Thursday, July 24, 2014

What is it?

The U.S. Army is leading the Department of Defense’s revolutionary approach to aviation development with Future Vertical Lift (FVL), an initiative to develop the next generation of vertical lift aircraft for the Joint Warfighter. Program (JWP) tenets are to improve aircraft performance and survivability, and to significantly reduce operating costs. This will help the aircraft to fly farther and faster, carry heavier payloads, be easier and less expensive to sustain, team with unmanned systems, and perform certain optionally-piloted missions. The FVL family of aircraft share common hardware such as sensors, avionics, engines and countermeasures.

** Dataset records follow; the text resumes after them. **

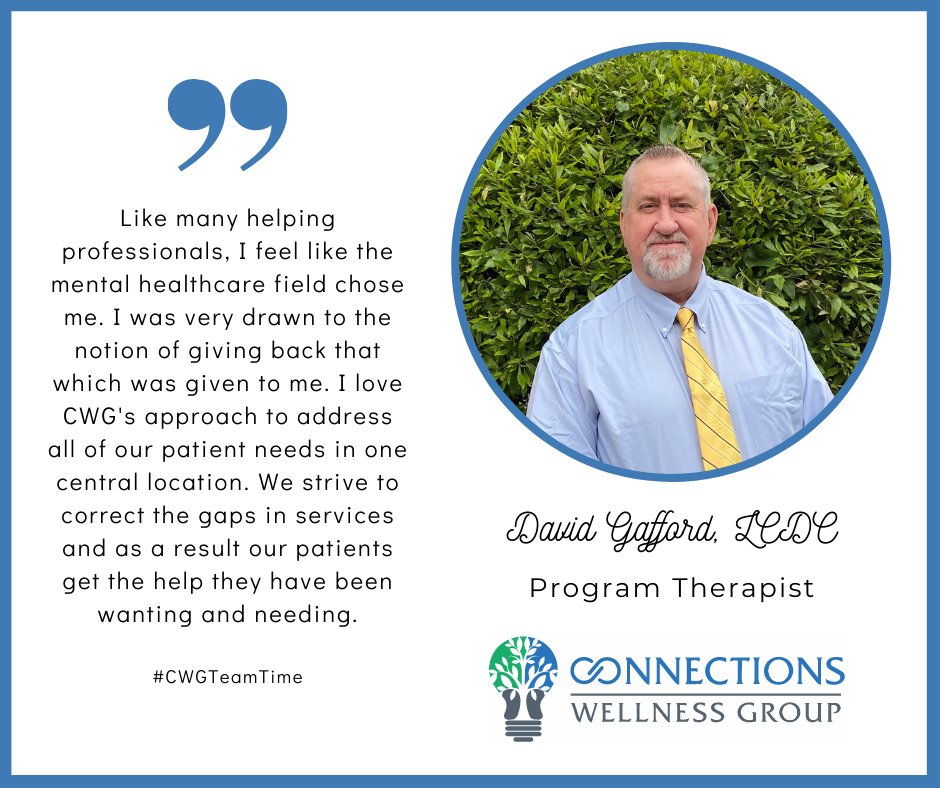 Did you know that CWG offers a Dual-Diagnosis Substance Use PHP/IOP Program for adults? Meet David, our therapist for this program! When he is not leading his groups, David enjoys spending his time on the golf course or finding hole-in-the-wall places to eat! #CWGTeamTime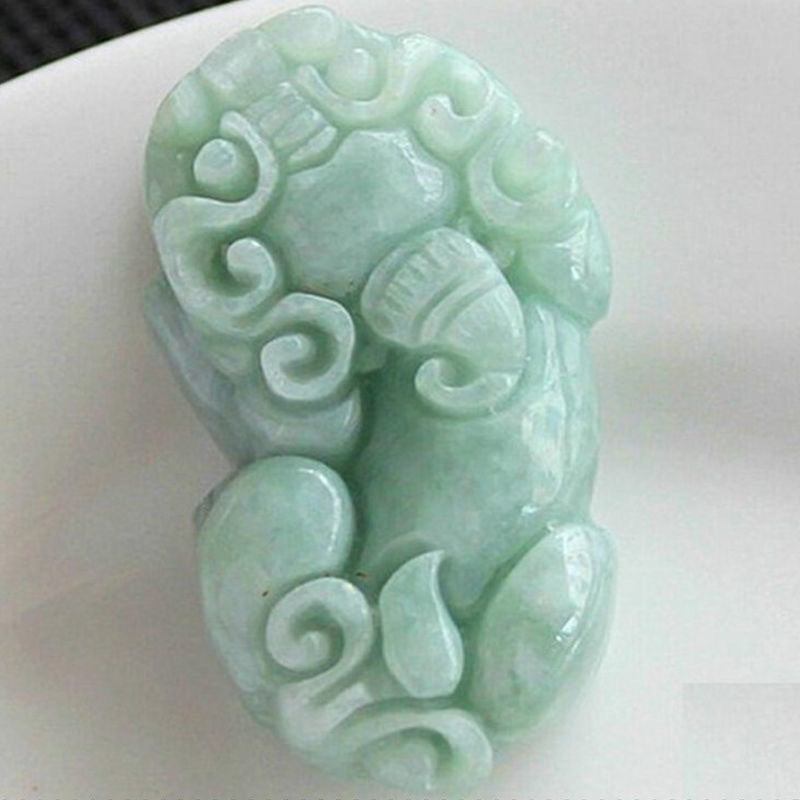 Fortune's Blessing Jade Pixiu Pendant in Sterling Silver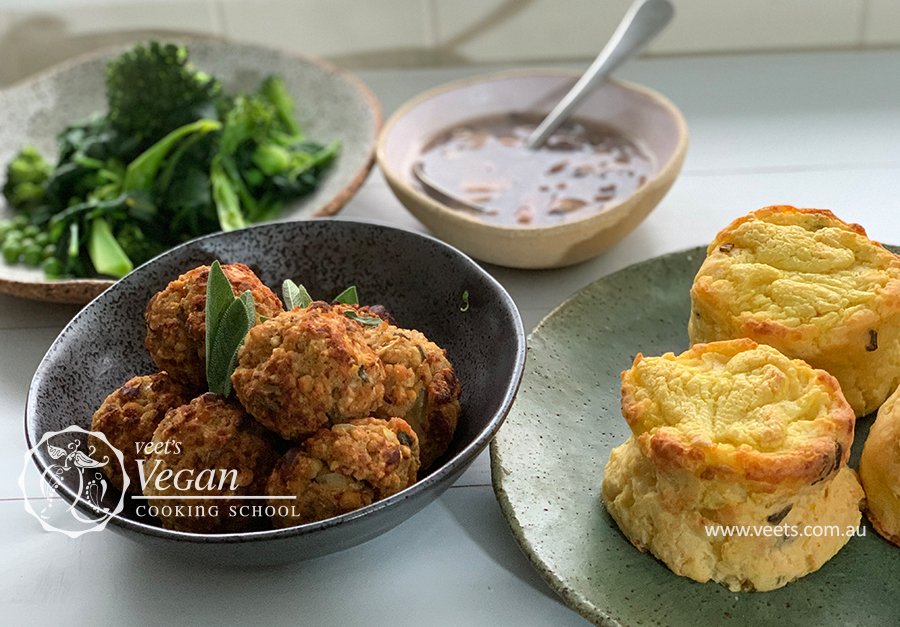 Graduation Potatoes and Tempeh Stuffing Balls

Why is this important to the Army?

The U.S. vertical lift fleet is aging, and history indicates that platforms remain in service for 40-60 years. FVL provides the necessary foundation to replace the fleet over the next 25-40 years. FVL platforms will provide a greater capability to overcome the constraints of complex terrain, higher altitudes, extreme temperatures and extended distances. True integration of manned and un-manned teaming and optionally piloted vehicles will provide new options for reconnaissance, security and logistics. FVL will provide the speed, range, payload and mission systems critical for success in future operational environments.

What has the Army done?

The Aviation and Missile Research Development and Engineering Center (AMRDEC), U.S. Army Materiel Command (AMC) element of the Research, Development and Engineering Command (RDECOM), manages the Joint Multi-Role Technology Demonstrator (JMR-TD), a science and technology program to design and build flight demonstrator aircraft with the intent of maturing required technologies and reducing risk parameters associated with FVL.

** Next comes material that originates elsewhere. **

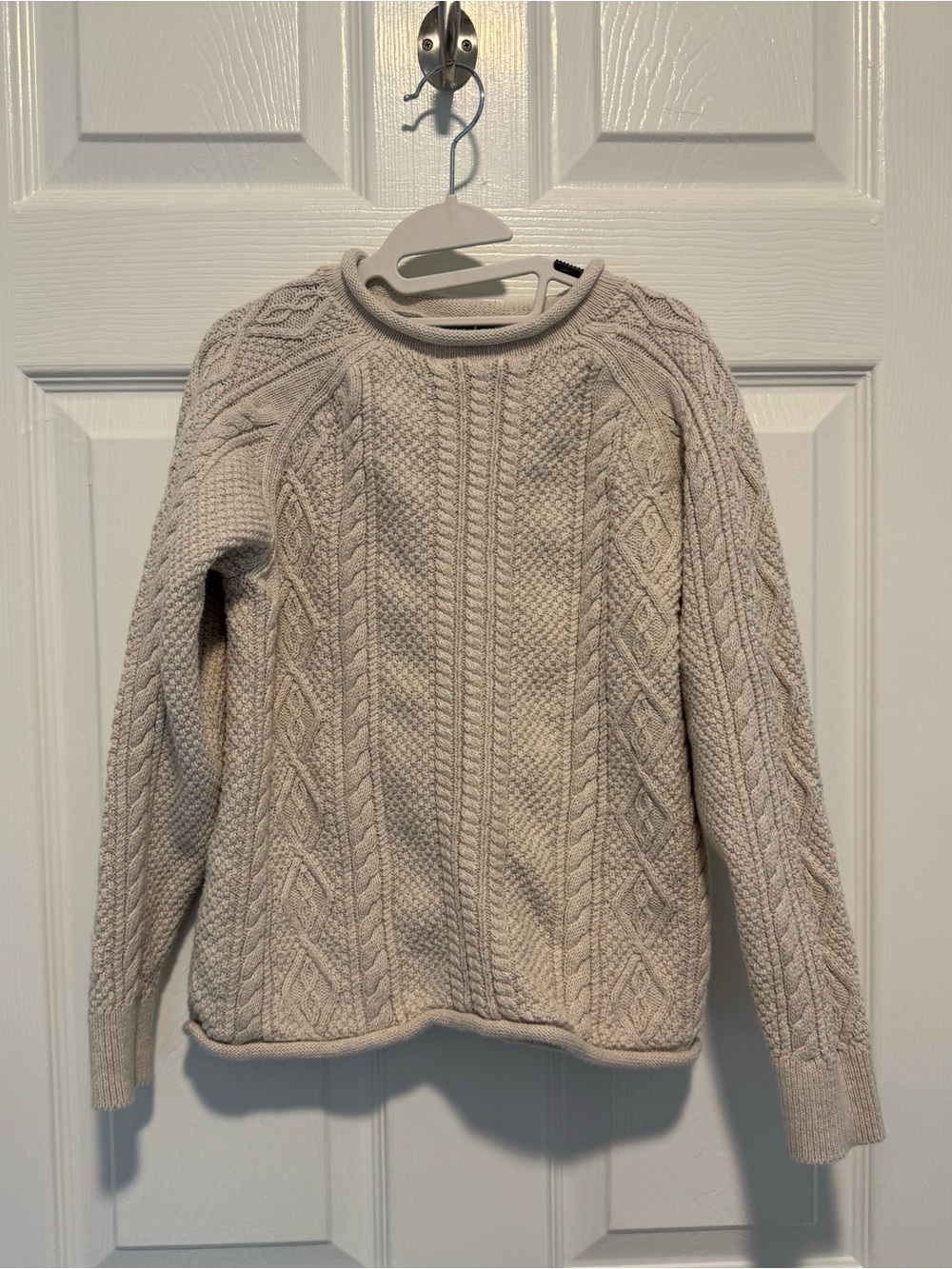Kids J.Crew Cable Knit Rollneck Sweater - Cream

In 2013, AMRDEC announced the award of four Technology Investment Agreements to industry partners to demonstrate an operationally representative mix of capabilities to investigate realistic design trades and enabling technologies. The initial designs will be refined to make preparations toward potentially building and flight testing a demonstrator aircraft in FY17.

What efforts does the Army plan to continue in the future?

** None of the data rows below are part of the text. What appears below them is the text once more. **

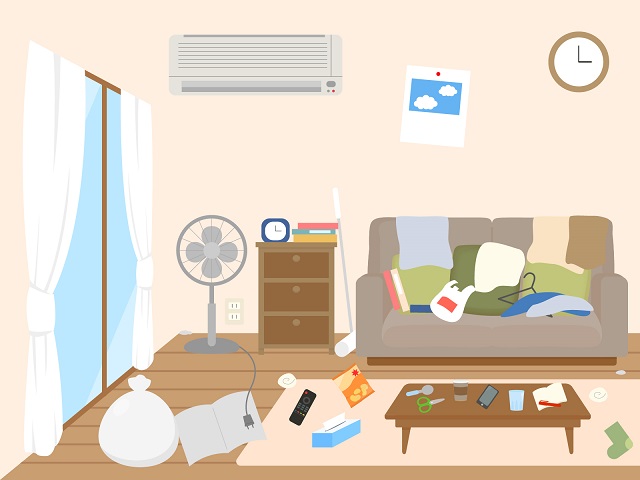 散らかった部屋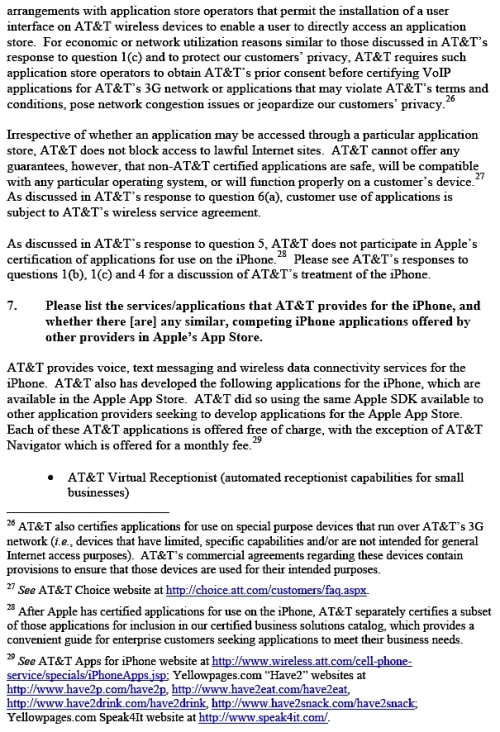 AT&amp;T&#039;s Response to the FCC Inquiry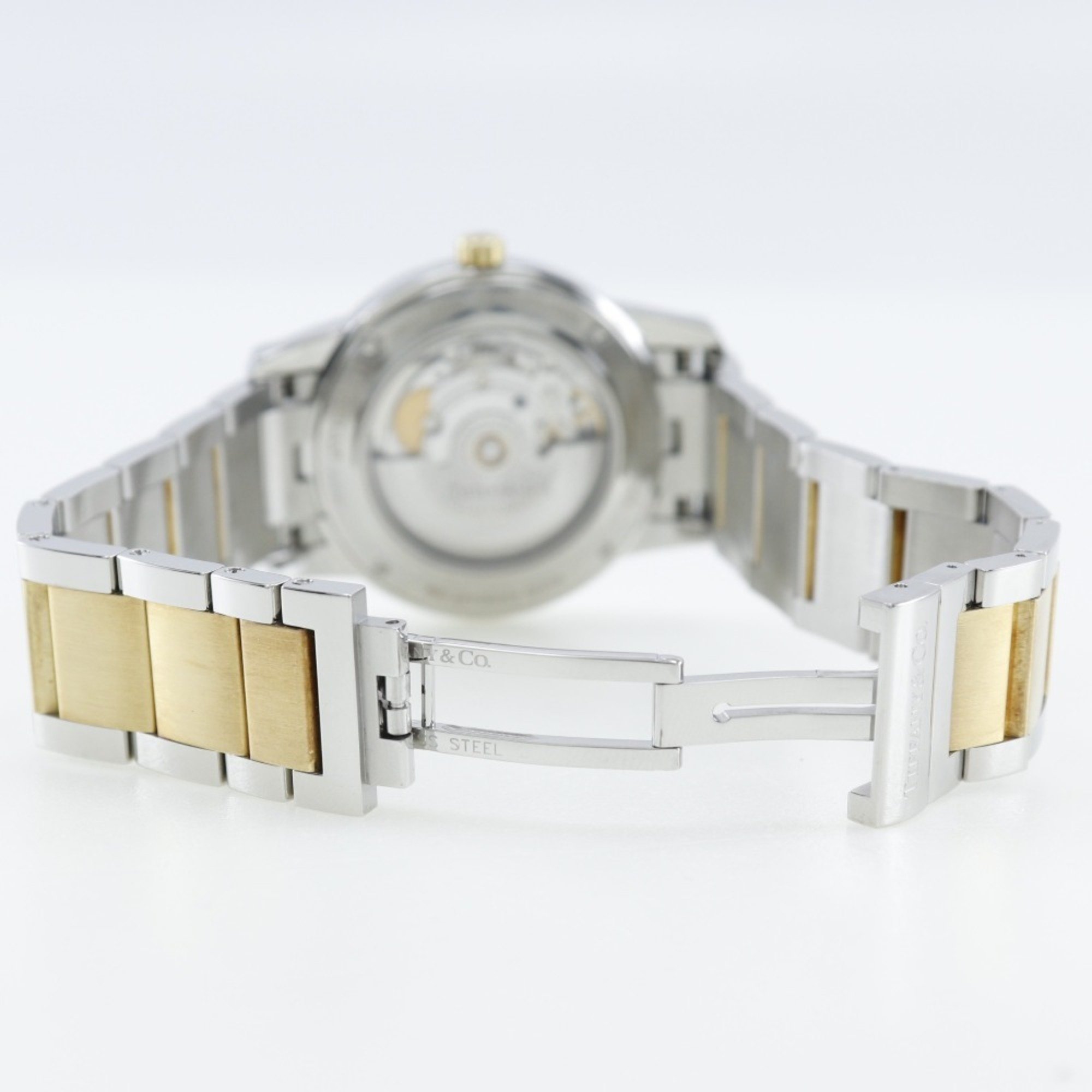 Tiffany TIFFANY&Co. Atlas Dome Watch Gold & Steel Swiss Made Silver/Gold Automatic Winding Analog Display White Dial Men's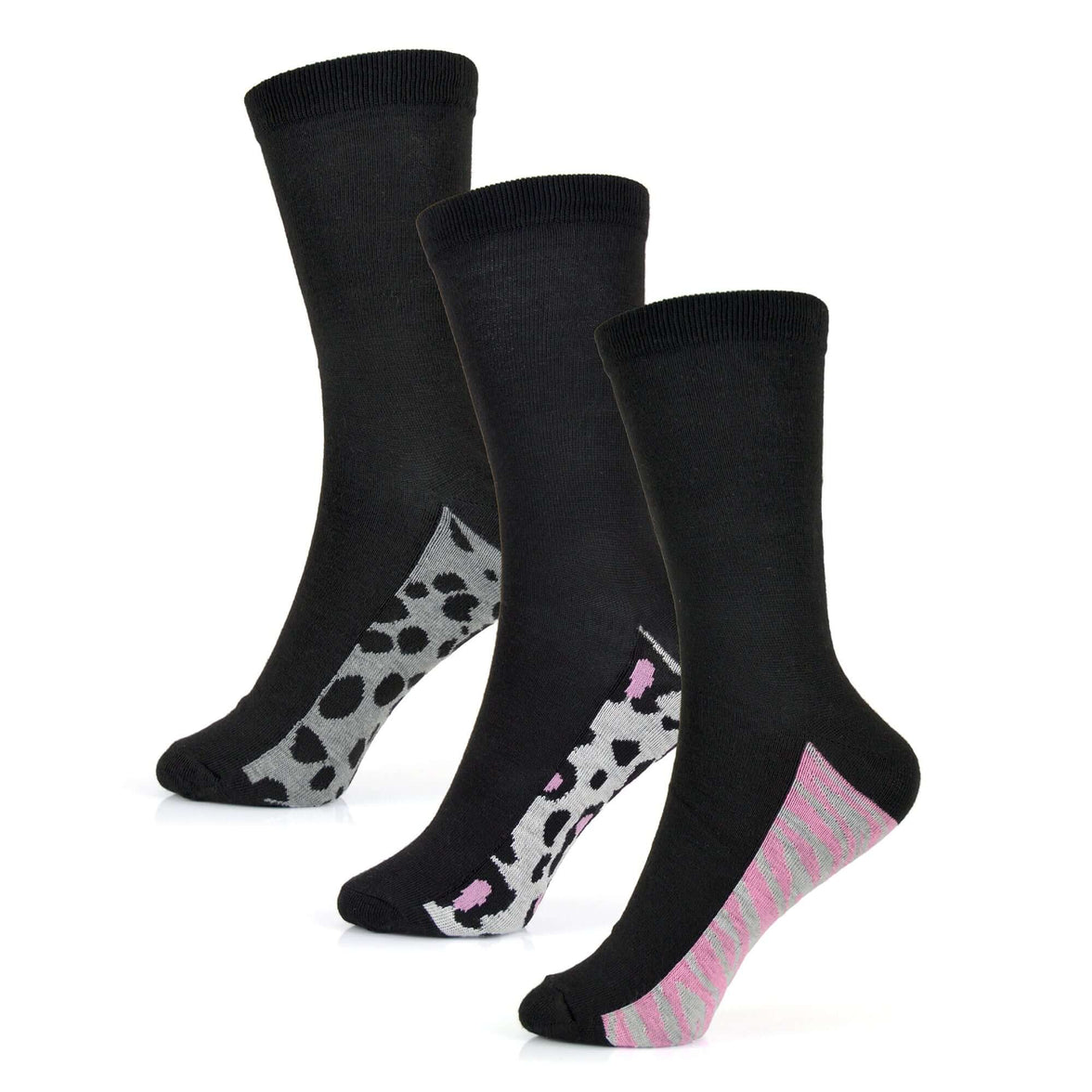 6 Pairs Women's Cotton Rich Socks Fun Designs Stripes Dots Leopard Fox Dog Cat Prints UK 4-7 Breathable Durable by Sock Stack Socks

The JMR-TD contains an air vehicle demonstration and a mission systems architecture demonstration. They will prepare DOD for material solution decisions, and keep the country’s rotorcraft industrial base engaged and aligned with the DOD FVL initiative. The integration of the JMR-TD into the overall requirements and acquisition process will inform what is feasible, achievable and affordable. To ensure a seamless transition, AMRDEC’s Aviation Development Directorate, in collaboration with Program Executive Office Aviation, is developing the office that will eventually manage the FVL acquisition program.